[PROBLEM DESCRIPTION]: Where the word "Cleaner" occurs in a line of the listing, please copy the line.

[GIVEN INFORMATION]:
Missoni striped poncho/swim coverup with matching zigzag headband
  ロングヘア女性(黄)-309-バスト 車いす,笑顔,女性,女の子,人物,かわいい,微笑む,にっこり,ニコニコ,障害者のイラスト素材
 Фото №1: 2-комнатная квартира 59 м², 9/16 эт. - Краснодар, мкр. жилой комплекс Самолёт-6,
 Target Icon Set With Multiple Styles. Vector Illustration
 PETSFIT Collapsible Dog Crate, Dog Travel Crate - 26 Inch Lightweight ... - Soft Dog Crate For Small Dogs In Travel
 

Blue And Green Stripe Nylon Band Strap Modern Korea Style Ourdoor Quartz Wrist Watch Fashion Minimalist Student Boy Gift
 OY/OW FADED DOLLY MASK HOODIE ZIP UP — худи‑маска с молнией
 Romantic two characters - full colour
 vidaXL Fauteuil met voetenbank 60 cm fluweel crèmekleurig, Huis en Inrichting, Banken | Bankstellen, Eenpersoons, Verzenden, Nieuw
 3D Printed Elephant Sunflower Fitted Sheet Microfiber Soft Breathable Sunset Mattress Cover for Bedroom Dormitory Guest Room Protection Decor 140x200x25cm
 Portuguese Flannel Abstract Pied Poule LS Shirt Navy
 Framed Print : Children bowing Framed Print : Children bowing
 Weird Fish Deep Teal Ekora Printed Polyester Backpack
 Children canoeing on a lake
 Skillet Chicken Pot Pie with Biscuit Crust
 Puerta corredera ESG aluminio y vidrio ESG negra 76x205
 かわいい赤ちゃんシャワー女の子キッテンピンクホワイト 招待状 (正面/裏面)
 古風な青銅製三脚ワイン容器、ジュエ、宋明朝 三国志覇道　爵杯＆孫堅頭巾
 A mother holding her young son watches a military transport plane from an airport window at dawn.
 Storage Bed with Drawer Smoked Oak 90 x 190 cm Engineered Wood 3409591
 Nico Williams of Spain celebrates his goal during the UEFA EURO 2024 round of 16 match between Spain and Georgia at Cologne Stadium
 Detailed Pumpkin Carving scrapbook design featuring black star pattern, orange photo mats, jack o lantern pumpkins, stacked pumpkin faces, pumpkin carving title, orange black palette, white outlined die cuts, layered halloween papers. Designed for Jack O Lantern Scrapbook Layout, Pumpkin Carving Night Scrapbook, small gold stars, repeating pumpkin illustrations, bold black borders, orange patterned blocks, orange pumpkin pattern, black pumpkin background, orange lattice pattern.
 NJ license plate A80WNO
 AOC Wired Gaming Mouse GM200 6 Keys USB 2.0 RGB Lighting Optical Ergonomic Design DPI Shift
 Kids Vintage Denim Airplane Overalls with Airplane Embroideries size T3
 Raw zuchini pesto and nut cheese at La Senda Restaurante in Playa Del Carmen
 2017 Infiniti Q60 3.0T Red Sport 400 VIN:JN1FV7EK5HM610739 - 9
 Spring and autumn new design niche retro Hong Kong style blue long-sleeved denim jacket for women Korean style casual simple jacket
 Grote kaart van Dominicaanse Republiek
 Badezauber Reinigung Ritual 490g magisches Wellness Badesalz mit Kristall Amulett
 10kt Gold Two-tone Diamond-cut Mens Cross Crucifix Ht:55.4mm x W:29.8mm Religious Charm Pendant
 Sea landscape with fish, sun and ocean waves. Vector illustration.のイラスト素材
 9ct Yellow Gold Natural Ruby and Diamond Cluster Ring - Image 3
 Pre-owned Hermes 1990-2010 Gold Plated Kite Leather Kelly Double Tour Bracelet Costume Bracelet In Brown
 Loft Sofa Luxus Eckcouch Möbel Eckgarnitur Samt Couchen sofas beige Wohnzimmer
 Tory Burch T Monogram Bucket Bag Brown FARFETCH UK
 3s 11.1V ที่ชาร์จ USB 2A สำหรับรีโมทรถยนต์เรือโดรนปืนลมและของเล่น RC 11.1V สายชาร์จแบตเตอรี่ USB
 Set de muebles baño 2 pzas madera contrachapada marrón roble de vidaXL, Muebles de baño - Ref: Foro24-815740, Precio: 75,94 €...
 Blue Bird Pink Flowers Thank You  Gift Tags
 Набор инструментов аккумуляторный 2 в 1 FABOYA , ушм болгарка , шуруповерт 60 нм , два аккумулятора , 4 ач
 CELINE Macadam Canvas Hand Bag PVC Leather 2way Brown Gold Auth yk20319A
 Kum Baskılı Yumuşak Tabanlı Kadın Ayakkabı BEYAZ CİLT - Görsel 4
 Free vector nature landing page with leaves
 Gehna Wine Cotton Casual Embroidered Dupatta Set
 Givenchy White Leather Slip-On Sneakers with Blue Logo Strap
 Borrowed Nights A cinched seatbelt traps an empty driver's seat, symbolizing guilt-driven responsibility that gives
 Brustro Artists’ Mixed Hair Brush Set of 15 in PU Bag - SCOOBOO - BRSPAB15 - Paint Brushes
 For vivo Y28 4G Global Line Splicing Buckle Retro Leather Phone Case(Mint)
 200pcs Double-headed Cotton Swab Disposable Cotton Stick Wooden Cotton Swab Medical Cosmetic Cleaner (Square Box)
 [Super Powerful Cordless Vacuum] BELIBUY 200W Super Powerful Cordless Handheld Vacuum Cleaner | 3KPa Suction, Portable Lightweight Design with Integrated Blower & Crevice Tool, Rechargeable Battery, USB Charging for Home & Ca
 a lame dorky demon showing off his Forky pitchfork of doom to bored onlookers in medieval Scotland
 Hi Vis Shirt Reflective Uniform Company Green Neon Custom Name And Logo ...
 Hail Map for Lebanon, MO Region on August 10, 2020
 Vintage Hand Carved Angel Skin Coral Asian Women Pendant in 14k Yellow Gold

[SOLUTION]:
 200pcs Double-headed Cotton Swab Disposable Cotton Stick Wooden Cotton Swab Medical Cosmetic Cleaner (Square Box)
 [Super Powerful Cordless Vacuum] BELIBUY 200W Super Powerful Cordless Handheld Vacuum Cleaner | 3KPa Suction, Portable Lightweight Design with Integrated Blower & Crevice Tool, Rechargeable Battery, USB Charging for Home & Ca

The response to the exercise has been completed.